### Classification Example
K nearest neighbors (kNN) is one of the simplest learning strategies: given a new, unknown observation, look up in your reference database which ones have the closest features and assign the predominant class.

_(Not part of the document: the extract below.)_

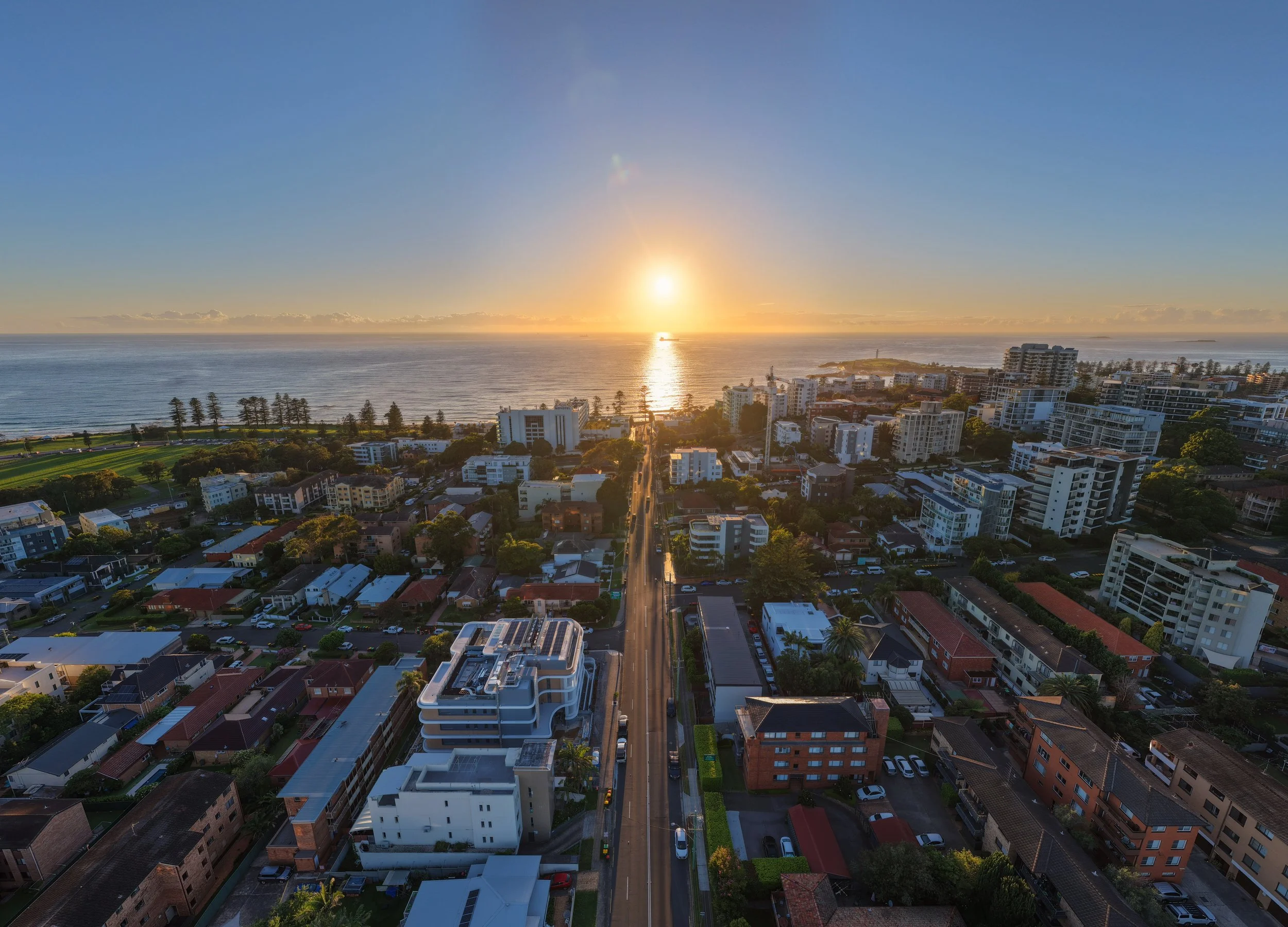 Aerial view of a city at sunset with a clear sky, overlooking the ocean, with buildings, trees, and streets.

Let's try it out on our iris classification problem:

In [1]:
from sklearn import neighbors, datasets
iris = datasets.load_iris() #load_iris object into iris var
X, y = iris.data, iris.target #get out data and target object in iris

# create the model
knn = neighbors.KNeighborsClassifier(n_neighbors=5)

# fit the model
knn.fit(X, y)

# What kind of iris has 3cm x 5cm sepal and 4cm x 2cm petal?
# call the "predict" method:
#Use numpy array or Python 2D list
# result = knn.predict(np.array([3, 5, 4, 2]).reshape(1, -1))
result = knn.predict([[3, 5, 4, 2]])

#For normal Python list, put two [[]], even if just one row [3,5,4,2] 
#as it has to be 2D matrix
#Alternatively, use .reshape(1,-1) for single row and .reshape(-1,1) for single feature
# -1 means unknown dimension, only one -1 allowed in a reshape

In [2]:
print(iris.target_names[result])

['versicolor']


In [3]:
#Illustration of reshape
import numpy as np
print(np.array([3, 5, 4, 2]).reshape(1, -1)) #2D array with 1 row
print(np.array([[3, 5, 4, 2],[1,2,3,4]]).reshape(2, -1)) #2D array with 2 rows

[[3 5 4 2]]
[[3 5 4 2]
 [1 2 3 4]]


In [4]:
results2 = knn.predict(np.array([[3, 5, 4, 2],[1,2,3,4]]).reshape(2, -1))
results3 = knn.predict([[3, 5, 4, 2],[1,2,3,4]])
print(results2)
print(iris.target_names[results2])
print(results3)
print(iris.target_names[results3])

[1 1]
['versicolor' 'versicolor']
[1 1]
['versicolor' 'versicolor']


You can also do probabilistic predictions:

In [5]:
knn.predict_proba([[3, 5, 4, 2],])

array([[0. , 0.8, 0.2]])

In [10]:
from fig_code import plot_iris_knn
plot_iris_knn()